The fall out from the Equifax data breach continues to crash down on the company after a former executive has been charged with insider trading for selling almost $1m (£720,000) in stock before the attack was publicly disclosed.
Jun Ying was Equifax’s US chief information officer at the time – and reportedly in line for the global CIO job – but has since been ousted.
He is the first to be charged, although it has been alleged that three other senior staff also sold hundreds of thousands of dollars in shares just days before the firm went public.
Ying faces criminal charges filed by the US Attorney’s Office for the Northern District of Georgia and anti-fraud civil charges filed by the Department of Justice (DoJ) and the Securities & Exchange Commission (SEC).
According to the indictment, Ying was asked to assist in the response to the breach in August, although he was initially told the hack had hit an Equifax customer, not the company itself.

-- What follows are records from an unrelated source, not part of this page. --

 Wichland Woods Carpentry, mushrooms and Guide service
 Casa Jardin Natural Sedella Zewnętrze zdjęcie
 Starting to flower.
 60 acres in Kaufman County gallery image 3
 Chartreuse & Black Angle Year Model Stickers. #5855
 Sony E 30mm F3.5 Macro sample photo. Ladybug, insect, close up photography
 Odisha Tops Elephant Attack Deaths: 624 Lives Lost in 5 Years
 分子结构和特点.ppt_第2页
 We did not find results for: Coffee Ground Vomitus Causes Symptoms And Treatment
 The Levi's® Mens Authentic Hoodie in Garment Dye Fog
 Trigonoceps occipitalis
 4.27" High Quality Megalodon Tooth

However, it is claimed Ying worked out what had happened before he was officially informed by Equifax, and sent two text messages to a colleague which read: “Sounds bad. We may be the one breached” and “I’m starting to put 2 and 2 together”.
He then looked online to see how a major hack on rival Experian had affected the company’s stock price. Within an hour of discovering how Experian’s shares had plummeted after a much smaller hack, Ying exercised all of his Equifax stock options and sold those shares for $950,000 (£680,000).
According to the filing, he would have made $117,000 (£84,000) less if he had sold those shares after the breach was made public.
“As alleged in our complaint, Ying used confidential information to conclude that his company had suffered a massive data breach, and he dumped his stock before the news went public,” said Richard Best, director of the SEC’s Atlanta regional office. “Corporate insiders who learn inside information, including information about material cyber intrusions, cannot betray shareholders for their own financial benefit.”
The SEC is calling for Ying pay back the money, plus interest, that he saved by selling the shares before the disclosure, along with a judgment prohibiting him from being employed as an officer or director of a publicly traded company.